In launching their probe in 2021, state enforcers said the company “failed to protect young people on its platforms” and accused it of “exploiting children in the interest of profit.”

The tech giant rejected the investigation at the time, with Meta spokesman Andy Stone saying the allegations were “false and demonstrate a deep misunderstanding of the facts.”

Since then, Meta has unveiled numerous policy and product changes intended to make its apps safer for children, including giving parents tools to track their kids’ activity, building in warnings that urge teens to take a break from social media, and implementing stricter privacy settings by default for young users.
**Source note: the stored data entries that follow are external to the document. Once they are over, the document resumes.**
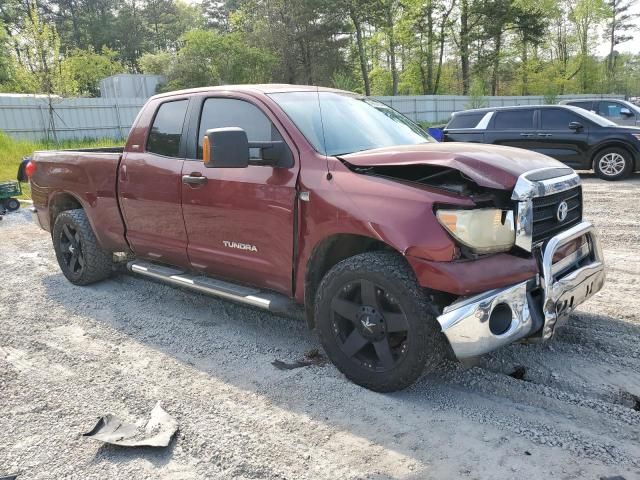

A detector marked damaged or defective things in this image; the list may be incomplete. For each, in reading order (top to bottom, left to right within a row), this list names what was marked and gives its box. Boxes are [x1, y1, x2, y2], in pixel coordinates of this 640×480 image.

crushed hood [340, 142, 564, 189]
damaged toyota tundra [26, 85, 604, 390]
broken headlight [436, 209, 516, 256]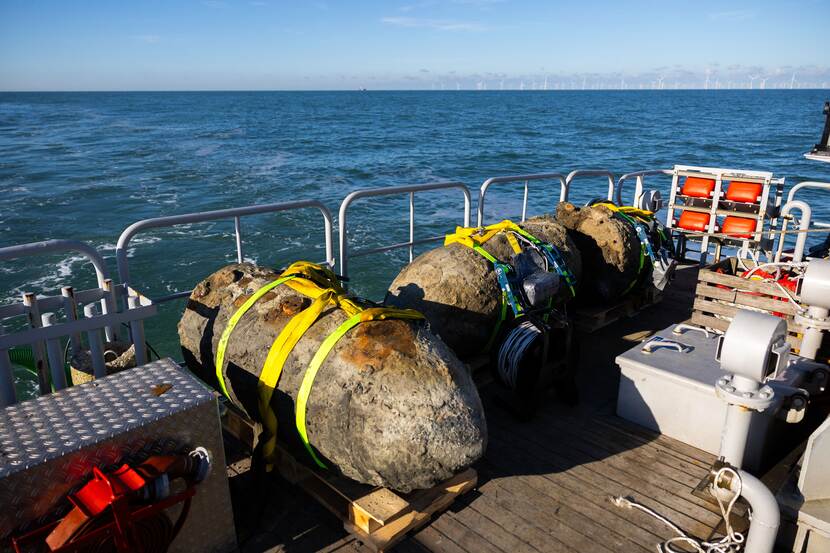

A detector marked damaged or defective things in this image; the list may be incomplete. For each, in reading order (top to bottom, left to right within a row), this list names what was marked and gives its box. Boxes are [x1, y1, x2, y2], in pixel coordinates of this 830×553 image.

rust stain [340, 316, 416, 368]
But the changes have done little to pacify its critics at the state and federal level, who contend the company has shirked its responsibility to protect its most vulnerable young users.

For years, Meta has worried about young people spending less time on Facebook, while teens flock to competitors including TikTok and Snapchat. To attract younger users, the company has attempted to replicate TikTok with its short-form video service, Reels.
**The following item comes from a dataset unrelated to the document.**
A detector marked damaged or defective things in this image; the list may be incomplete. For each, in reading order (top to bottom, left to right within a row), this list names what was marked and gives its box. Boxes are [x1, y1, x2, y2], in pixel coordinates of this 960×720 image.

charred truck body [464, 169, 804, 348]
But the push to attract young people has drawn the attention of regulators who are concerned that apps like Facebook and Instagram hurt young people’s mental health, draw them into addictive products at a young age and compromise their privacy. Meta argues that the research about the effects of social media on young people is mixed and that the company takes precautions to protect users.

After Haugen’s disclosures became public, Meta announced that it was pausing its plans to build an Instagram app designed especially for children younger than 13. Advocacy groups, state attorneys general and lawmakers had urged the company to drop the project out of concern for young people’s mental health.

The company said at the time that it still believed in the concept of a kids-oriented Instagram app because children were simply lying about their age to join Instagram.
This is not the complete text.